Das Persönliche Budget
Seit 2008 können Behinderte entscheiden, dass Leistungen für sie nicht mehr an klassische Behinderteneinrichtungen gezahlt werden, sondern sie selbst das Geld bekommen und ihr Leben nach eigenen Vorstellungen organisieren. Dazu gehört dann aber auch, Arbeitgeber für die eigenen Pflegekräfte zu werden. Es gibt inzwischen Firmen, die diesen organisatorischen Teil übernehmen. Im Sozialgesetzbuch beziehungsweise im Rehabilitationsrecht ist festgelegt, dass jeder behinderte Mensch unabhängig von Art und Schwere der Beeinträchtigung Hilfen in Form von Geld erhalten kann. Die Höhe des Budgets wird an den Pflegebedarf angepasst.
Von fünf Pflegekräften rund um die Uhr versorgt
Durch diese Unterstützung und durch das Persönliche Budget konnte Wolfgang Labudde vor vier Wochen seine letzte Pflege-WG verlassen und wieder in die gemeinsame Wohnung mit seiner Frau Brigitte einziehen. Dort wird er seitdem von insgesamt fünf festangestellten Pflegekräften sowie einer Aushilfe rund um die Uhr versorgt, die von dem Persönlichen Budget bezahlt werden.
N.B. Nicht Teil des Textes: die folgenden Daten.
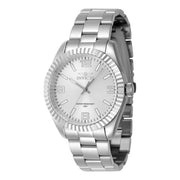 Invicta Women's 47464 Specialty Quartz 3 Hand Silver Dial Watch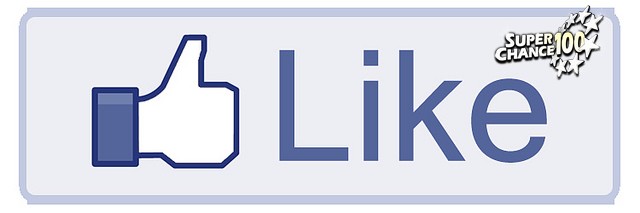 Image imitant le bouton "like" de Facebook.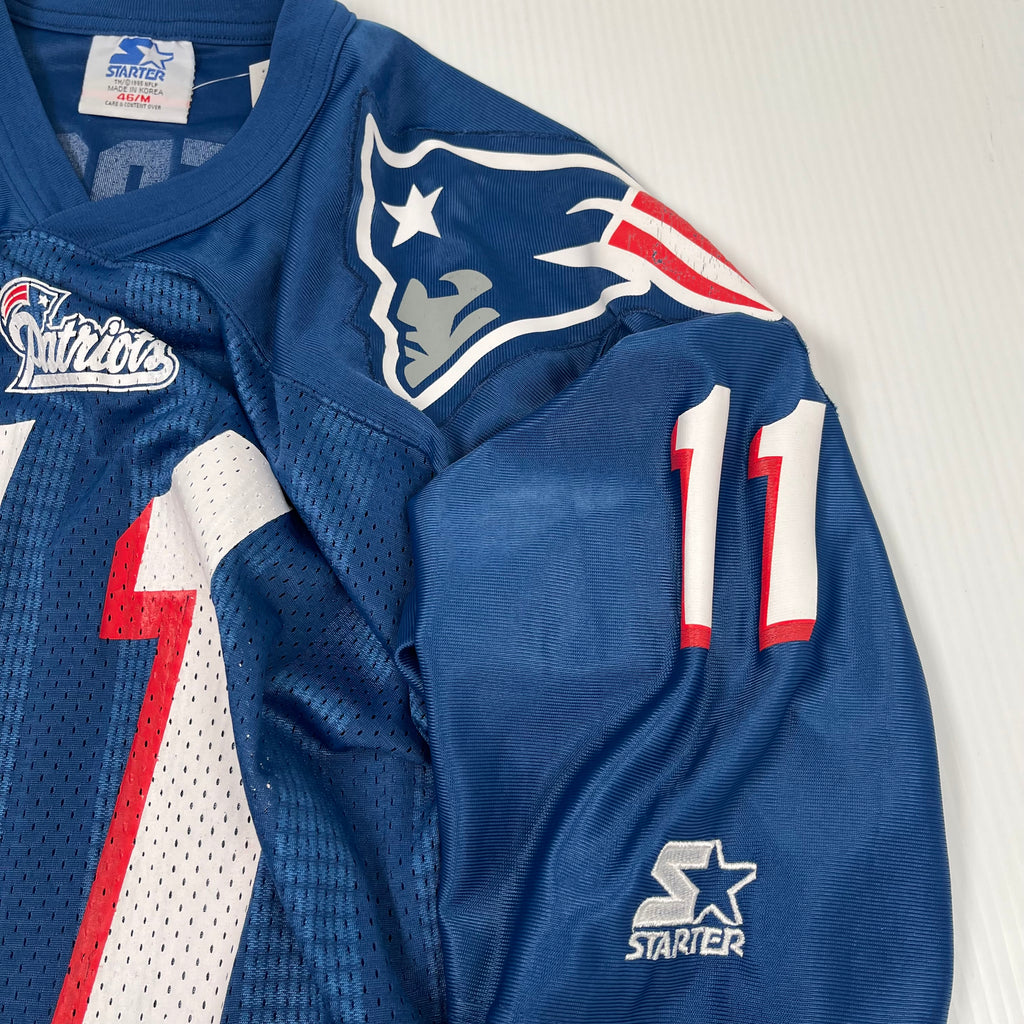 1995 Starter New England Patriots #11 Bledsoe NFL Jersey M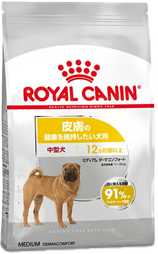 ミディアム ダーマコンフォート（皮膚の健康を維持したい犬用 中型犬専用 成犬〜高齢犬用）” width=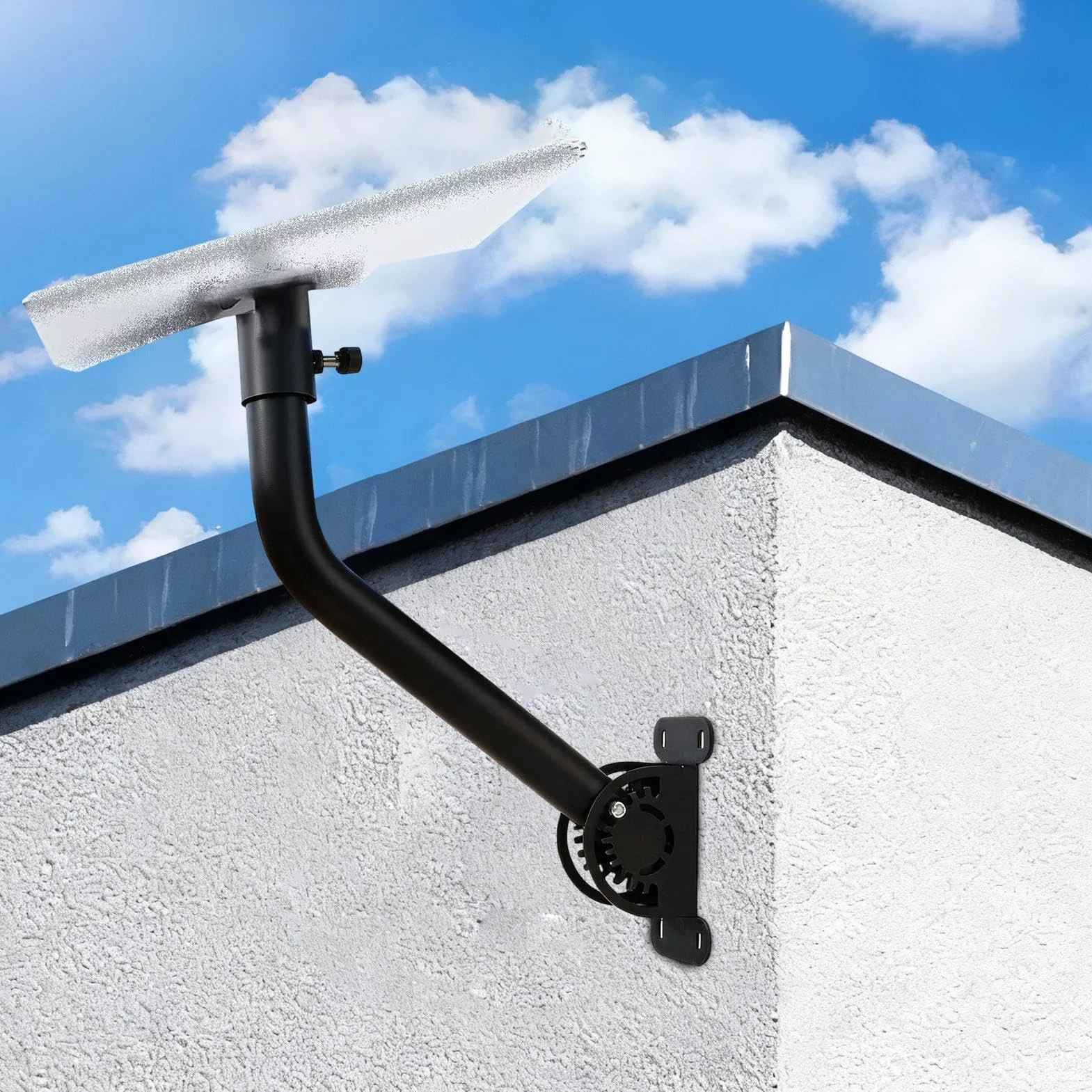 Uchwyt Do Anteny Pionowy Metalowy Precyzyjny Montaż | Mocowanie Dachu Kampera Dla Kempingu Outdoor Podróży Domu Ściany Satelity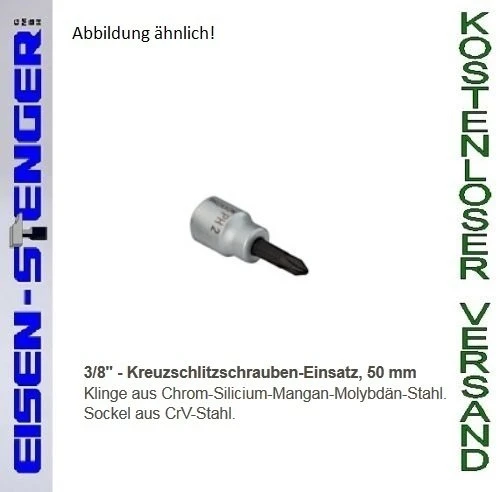 Proxxon Kreuzschlitz Steckschlüssel 3/8", PH3x50mm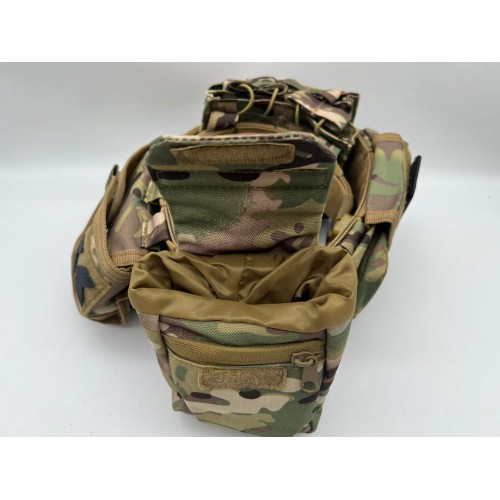 Пояс разгрузочный YAKEDA тактический с подсумками в Ельце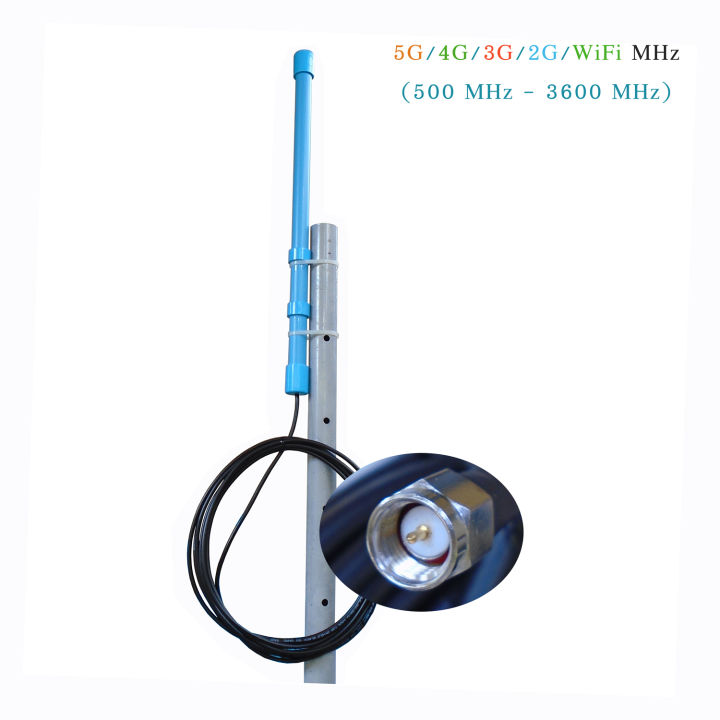 เสาอากาศ 5G 4G 3G 2G EmaxIT 7dB LTE-FDD/TDD-LTE)SMA-Male สายยาว 5 เมตร ...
Eine der Pflegekräfte ist Claudia Kuhlmann, die sich genauso wie ihre Kollegen jeweils in zwölf-Stunden-Schichten um Wolfgang Labudde kümmert. Die 46-Jährige ist bereits seit 30 Jahren in der Pflege und von dem neuen Arbeitsalltag ausschließlich mit einem Patienten begeistert: »Es ist ein ganz anderes Arbeiten, wir haben alle Freiheiten in diesem Job. Und es hat ein bisschen was von Familienanschluss.« Zudem könne sie ihre Mischlingshündin Abby mit zu Familie Labudde nehmen. Diese sei mit Wolfgang Labudde mittlerweile schon ein Herz und eine Seele geworden und passe stets auf, dass kein Fremder dem Rollstuhl des 64-Jährigen zu nahe komme.
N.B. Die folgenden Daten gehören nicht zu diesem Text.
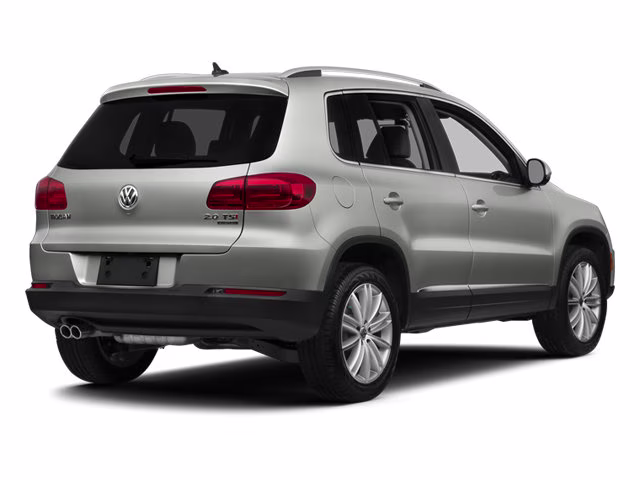 2014 Wild Cherry Metallic Volkswagen Tiguan SEL FWD SUV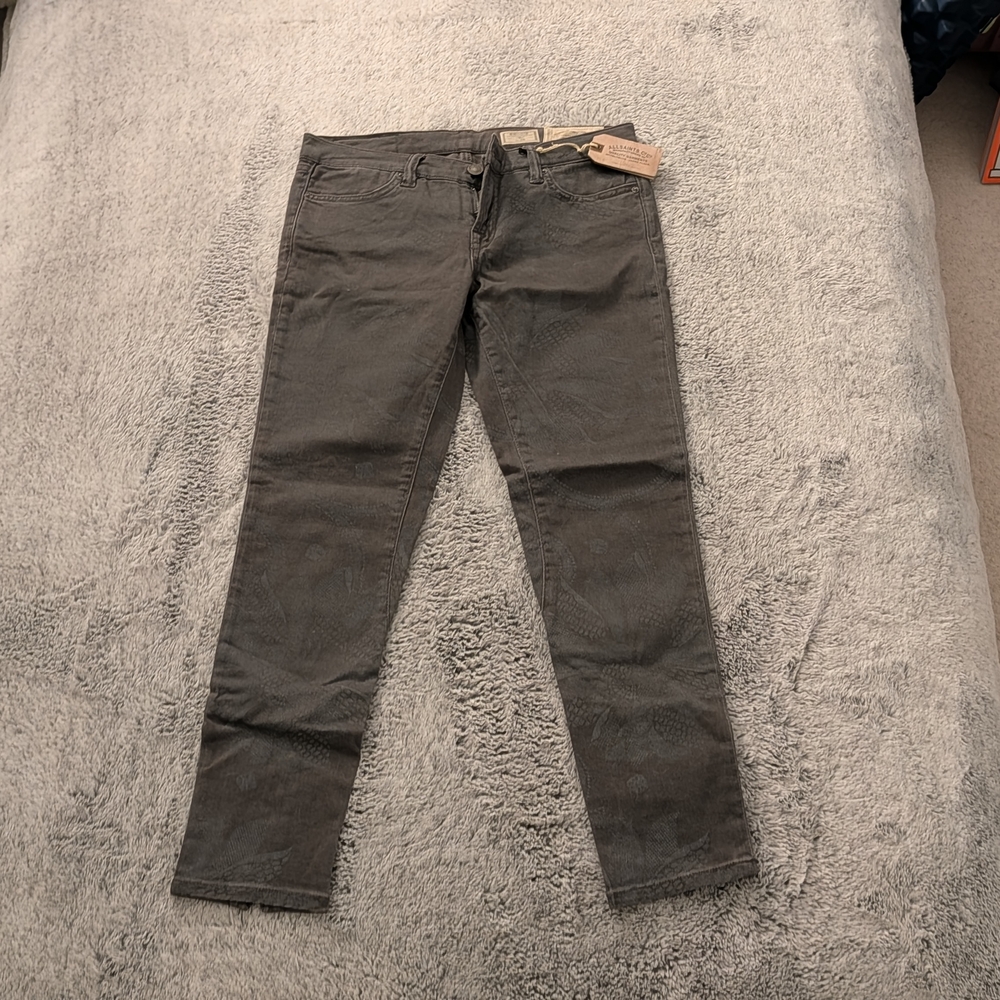All Saints Charcoal Denim Pants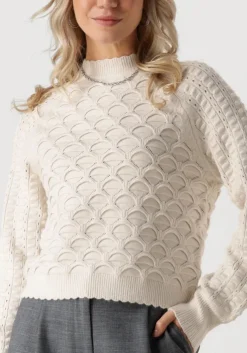 gebroken wit object trui objsida knit l/s re pullover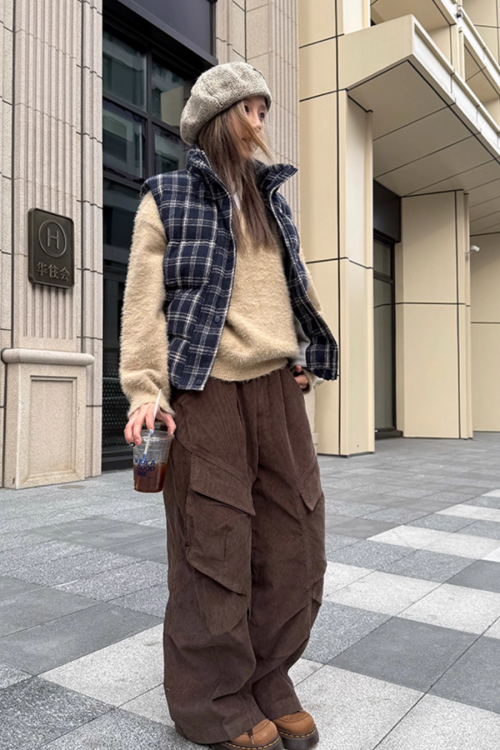 Big Pocket Wide Cargo Pants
Im Garten sitzen und Besuch von Tochter und Enkelin bekommen
Offiziell beschäftigt Wolfgang Labudde seine Pflegekräfte. »Er ist unser Chef. Wir sind ganz normal bei ihm angestellt«, sagt Claudia Kuhlmann. Labudde: »Die Kassen überweisen mir das Geld für die Gehälter, und Sebeko überweist es dann weiter.« Die Leute von Sebeko seien es auch, die sich für ihn um die Abrechnungen und alles weitere Bürokratische kümmerten. Für weitere Belange hat er zudem einen unabhängigen Pflegeberater, den der Kreis Minden-Lübbecke bezahlt. Auch für die Dienste von Sebeko muss der Rahdener nicht selbst aufkommen. »Unser Honorar wird zusätzlich zu dem Persönlichen Budget gezahlt«, sagt eine Sprecherin.
»Jeder Mensch in einer Situation wie meiner sollte – wenn es funktioniert – darüber nachdenken, wieder nach Hause zu gehen«, sagt Labudde. Er genieße es sehr, jetzt jederzeit in seinem Garten sitzen und immer Besuch von seiner Tochter und der Enkelin empfangen zu können.